Fact that Defense Verdict Ultimately Resulted Did Not Change the Analysis.
Here is an interesting unpublished decision in the CCP § 998 area, reinforcing that courts will take a pragmatic approach to gauging “reasonableness” of a 998 offer at the time that it was made–not by hindsight after an “iffy” defense verdict in a case with potentially significant exposure at the time of the offer.
Nunes v. Ruder, Case Nos. F059191/F059723 (5th Dist. Dec. 29, 2011) (unpublished) was a medical malpractice case involving a plaintiff patient who was referred to a physician after he felt a pain in his chest while exercising. Defendant doctor told him he did not have significant coronary artery disease and needed no follow up unless something else developed. Plaintiff died six weeks later due to complications related to severe coronary artery disease. Although plaintiff’s survivors sued the doctor, the jury returned a defense verdict.
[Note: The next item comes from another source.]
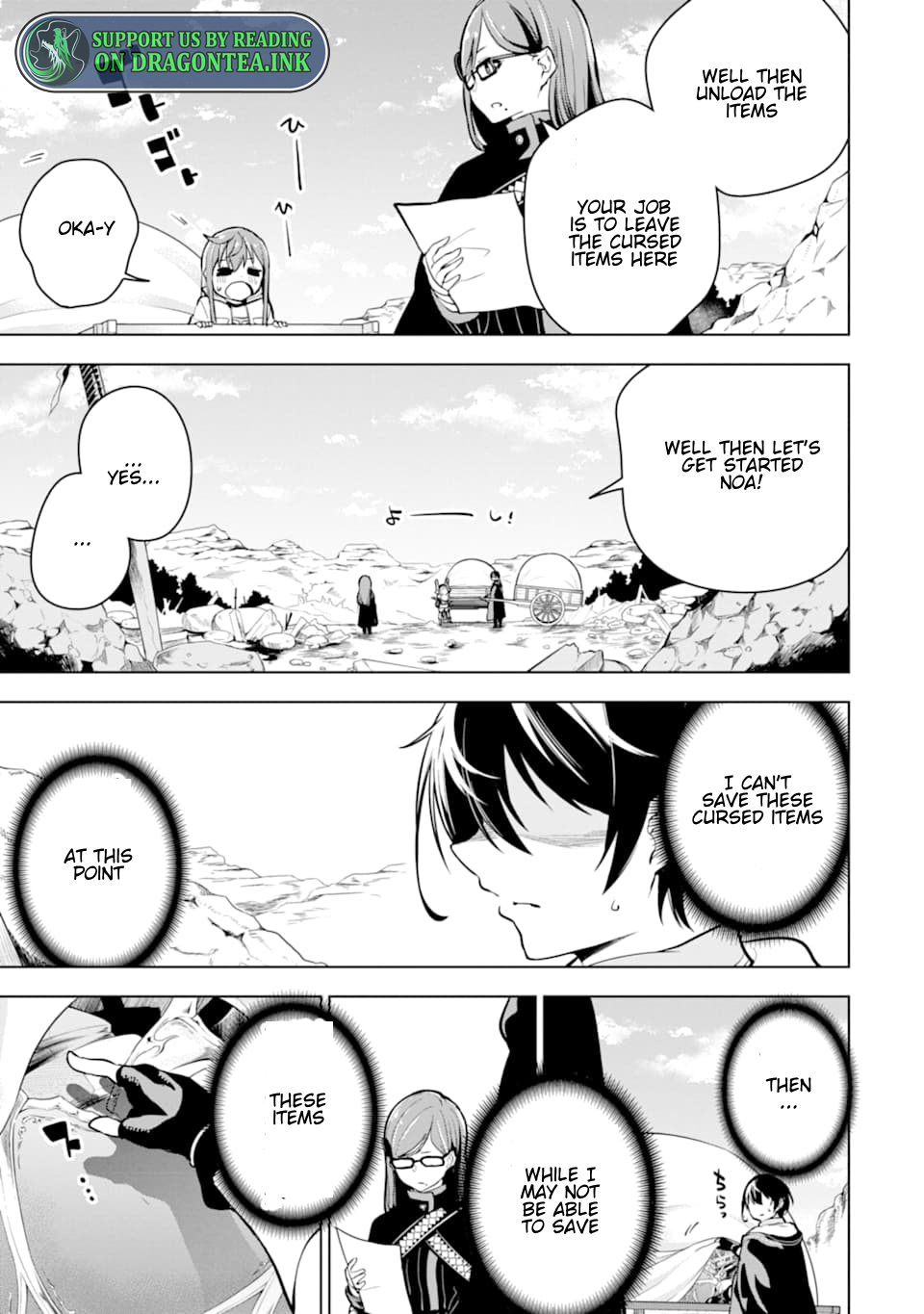Page 2 of Chapter 20.3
However, almost a year earlier than the defense verdict, defendant served a 998 offer indicating he would waive costs/malicious prosecution action rights in exchange for a “with prejudice” dismissal of the action–an offer made before expert depositions were taken and after plaintiffs had the two opinions of two well-qualified cardiologists that defendant’s treatment was negligent. The lower court granted defendant costs in excess of $100,000, with over $97,000 being defense expert witness fees, based on the rejected 998 offer.
Plaintiff appealed and did gain a reversal of the costs award as a matter of law.
The problem with the costs award was that the defense 998 offer was made way too early, in essence. Plaintiff had no expectation that it would not recover a substantial award (with the defense estimating that any recovery would be at least $300,000 to plaintiff’s estimate of over $1.6 million) at the time of the offer–with a 998 offer to be evaluated based on circumstances when the offer was made. In fact, some case law indicated that a similar “token” offer was not reasonable where it could be inferred that the sole purpose was to make the defense eligible for recovery of large expert witness fees with no real risk as far as owing anything to plaintiff. (Pineda v. Los Angeles Turf Club, Inc., 112 Cal.App.3d 53, 64 (1980); Wear v. Calderon, 121 Cal.App.3d 818, 821 (1981).) Jones v. Dumrichob, 63 Cal.App.4th 1258, 1261, 1263-1264 (1998) did not dictate a different result, because the facts in Nunes showed liability was a close call (not really at issue in Jones) and the developed record did show substantial damages were in play (not present in Jones).